During the industrial era, the man has started to modify the atmosphere and other elements. The Gaia Hypothesis does not consider the climate changes coming from external factors that, how stated above, have determined the evolution of the living species. However, this hypothesis captures with amazing precision the issues of the present time.
One of the hardest challenges for a climatologist is to foresee if the changes brought in by the industrial era will have consequences on the relationship between the various elements that should maintain a balance and that no one can actually identify since our planet and its life form together an unbalanced system. The formulation of future forecasts is a mathematically complex calculation, especially since data confirm that the atmospheric flows are a chaotic system in which a butterfly flapping his wings in Hawaii can generate a storm in another area of the planet. It should be clear then that with this premise the Gaia Hypothesis loses its value: a chaotic system can generate sudden and unforeseeable changes. Our planet is constantly evolving: each year the mountains have a different height and a fertile area can turn into a desert, or the other way around. The Sahara Desert was a fertile area up to 11,700 years ago; its desertification is the subject of several theories, involving the Monson winds and the oceanic flows. Due to the chaotic nature of the atmosphere, a trustworthy forecast, meaning a forecast formulated with numeric models and not subjected to serious mistakes, is linked to a temporal limit that goes from 7 to 15 days.

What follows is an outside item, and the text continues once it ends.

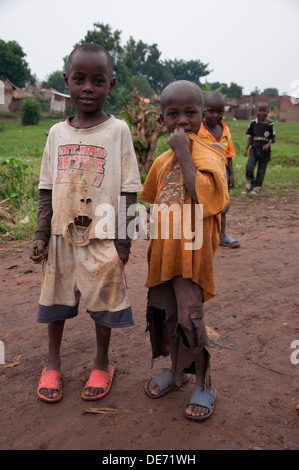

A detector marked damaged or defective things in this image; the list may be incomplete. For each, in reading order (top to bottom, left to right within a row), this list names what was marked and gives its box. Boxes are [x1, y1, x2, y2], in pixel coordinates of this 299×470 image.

orange tattered shirt [139, 132, 230, 302]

Although the Gaia Hypothesis includes some evident interactions concerning life, the geology and the atmospheric and oceanic flows, it does not consider all the changes and the sudden events caused by the complex nature of the universe, such as the meteorite falls (here we speak of big meteorites, since the small ones are constantly falling on our planet and we do not notice them because the vast majority of the Earth’s surface is covered with water). Actually, a large number of effects produced by the cosmos that affect our planet are still unknown and the theory of the life evolution on Earth is only valid when we consider the world of bacteria which is rapidly evolving in an easily observable experimental environment, however its application is definitely more complex when we consider longer time scales and bigger animals.